Recensione riprendimi
Recensione a cura di GiorgioVillosio
Una telecamera segue di continuo una giovane coppia per girare un documentario sui temi della precarietà lavorativa. Ma il racconto finisce presto per incentrarsi sulla precarietà dei sentimenti amorosi ed affettivi, in un'ottica "al femminile".
Quante valenze e chiavi di lettura diverse nell'intrigante film della "resuscitata" Anna Negri, che mancava nelle sale dal lontano 1998 (con "In principio erano le mutande"); originale a partire dal titolo, con il suo doppio significato filmico e/o sentimentale.
La regista porta un nome famoso, ma del padre non vuole sentire parlare nel modo più assoluto, e prende le giuste distanze rifugiandosi nel privato, raccontando "storie di ordinari sentimentalismi femminili" come se la dimensione individuale fosse davvero quella unica, ed il contesto sociale contasse poco; si smentisce però quando, forse per reminescenze edipiche, ci mostra un affresco di vite singole fortemente condizionate dal momento storico e dall'insieme socio-culturale del Paese e dei tempi in cui viviamo.

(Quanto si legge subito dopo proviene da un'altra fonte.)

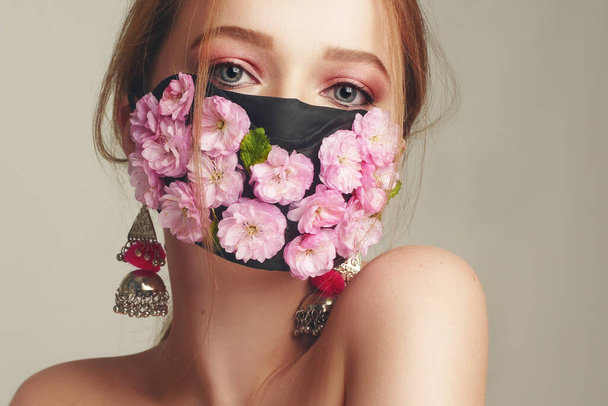 Mode-Foto von einem Mädchen in einer Maske aus Blumen. Frühling, den wir nicht atmen können. Virus, Pandemie, Coronavirus, Maskenmodell, Schönheitsmodel in einer Maske aus frischen rosa Blüten. Mädchen mit zartem rosa Make-up. - Foto, Bild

A dimostrazione di quanto sopra, il fatto che il film trovi spazio solo come produzione indipendente (grazie a Francesca Neri) ed in festival alternativi (grazie a Robert Redford), e che tanta lucidità di osservazione le venga dai lunghi studi all'estero, in Paesi più ricchi ed aperti del nostro come Francia, Olanda e Gran Bretagna; la quale formazione sembra consentirle una visuale esterna, non condizionata della nostra realtà, con la vocazionale spietatezza del documentario.